Rohly credits Dale with modeling for the department what shared leadership, collaboration, and dedication to students could look like. “I think Dale really defined the personality of our department,” Rohly says. “Dale’s example was one of hard work. It was one of strong commitment to the institution and to our classes and to our students. Dale also had very high standards, very high academic standards.”

Dale loved teaching and specialized in organic chemistry. Many describe him as a challenging professor, but he was also supportive and dedicated. “He had a reputation as kind of a tough professor, but in his mind that was all about looking out for the future for his students and making sure they were ready for what came next,” Robb says. 
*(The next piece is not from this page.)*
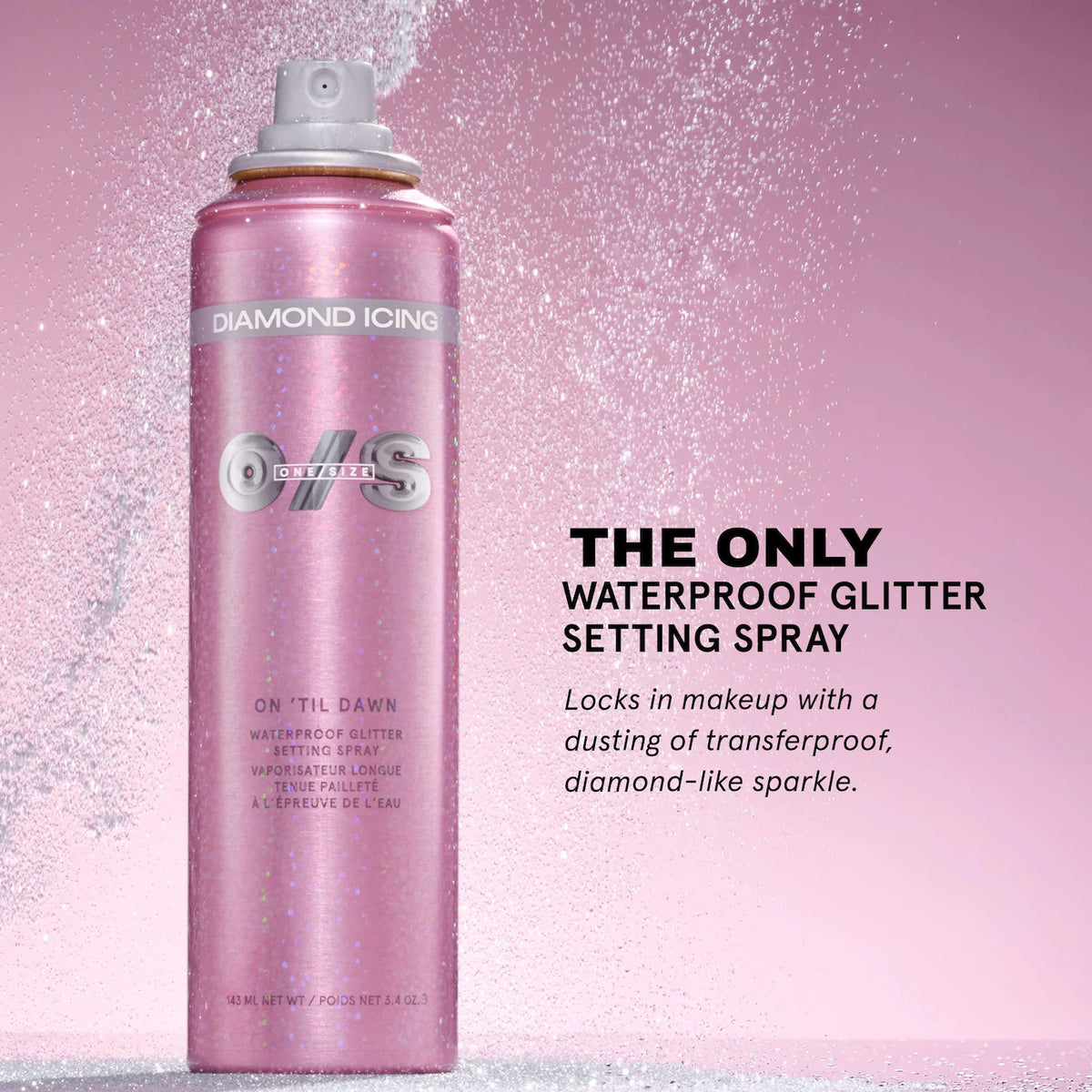*PREORDEN: On 'Til Dawn Diamond Icing Glitter Waterproof Setting Spray - ONE/SIZE by Patrick Starrr / Spray fijador con brillos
Robb says his father loved serving his students. Dale felt fortunate to have received an education, and Robb says this inspired a lifetime of ensuring young people received the same opportunity. Dale and his wife, Sharon, even kept a spare bedroom where students could stay if they needed help. “That’s something that my dad really felt strongly about: making sure everyone had access to education,” he says. “He really believed in the tools that education can provide.” 

When he retired in 2007, Dale and Sharon donated a $100,000 matching gift to fund a summer student-faculty research endowment for chemistry and biochemistry students. Rohly says the President's Science Initiative - Chemistry Endowment has grown and inspired other similar donations. Dale continued teaching part time until 2012, and he and Sharon continued to support Bethel in many ways over the years, including through an IRA rollover. 
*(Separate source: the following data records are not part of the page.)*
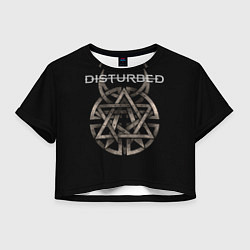 Женский топ Disturbed Logo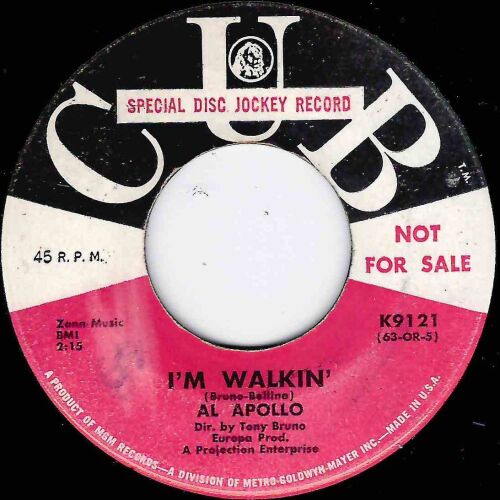 AL APOLLO - I'M WALKIN'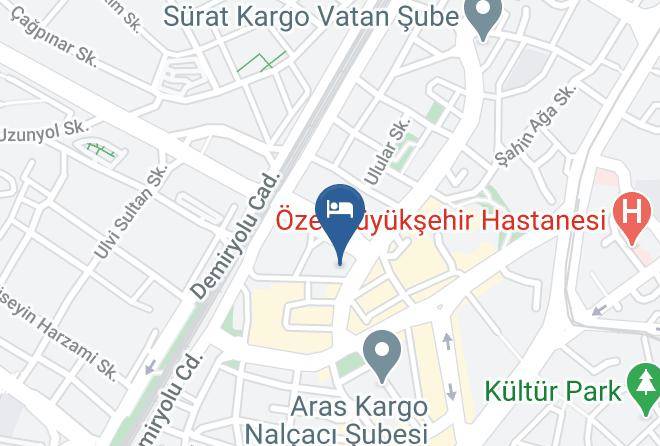 Selcuklu - Bera Konya Hotel Maps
In 2008, Bethel’s organic chemistry lab was named the “Dale Stephens Organic Chemistry Lab” in honor of his service. Dale also served Bethel athletics for many years as the official scorer for the men’s basketball team, he ran the scoreboard for the football team, and served as Bethel’s faculty representative to its conference, the Minnesota Intercollegiate Athletic Conference (MIAC). 

Friends and family remember Dale’s boundless energy and his surprising sense of humor. Rohly called Dale a father figure and friend to many at Bethel, with relationships continuing long after his teaching days. He was also dedicated to his family, spending days each week with his grandchildren. 
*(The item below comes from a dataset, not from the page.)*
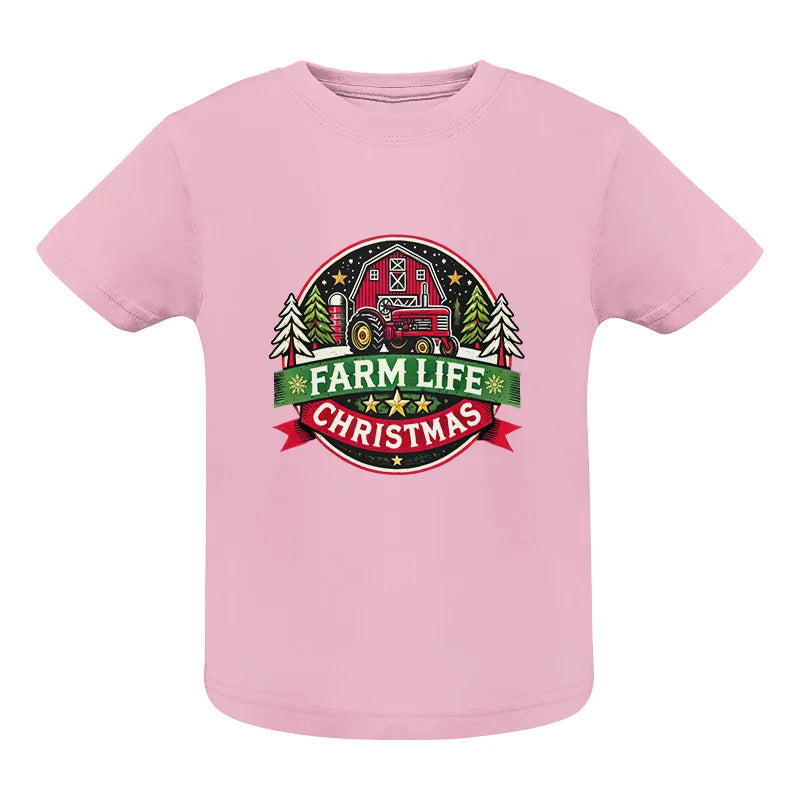 Image of Farm Life Christmas 3 - Infant Fine Jersey Tee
Robb described his father as a scientist at heart, with an analytical mind and a love for solving problems and learning. He loved being outside and led a faculty trip to the Boundary Waters for many years. An avid gardener, Dale built a greenhouse on their property and studied water quality on a sabbatical. He even built their family home in 1980 while still working full time. After working on the house until 11 p.m., he finished up school work. “He loved working on things, and he loved trying to figure things out,” Robb says. “The scientist in him really gave him a curiosity to understand the world around him.” 

Through it all, Dale maintained a steadfast faith. Robb says his father felt fortunate to teach at Bethel, where he could combine his faith and his love of science. “You can be a Christian and a scientist, too,” Robb says. “That’s something that dad was very passionate about.”

His Bethel colleagues say they will miss Dale, but they will strive to carry on his legacy in their work. “He fully committed his life to the Lord's hands,” Doyle says. “We miss Dale, but the saints in heaven are rejoicing with him because of a life lived robustly and well.”

Memorial Service for Dale Stephens

A memorial service will be held at noon on November 17 at First Evangelical Free Church in Maplewood, Minnesota. Visitation will be at 11 a.m.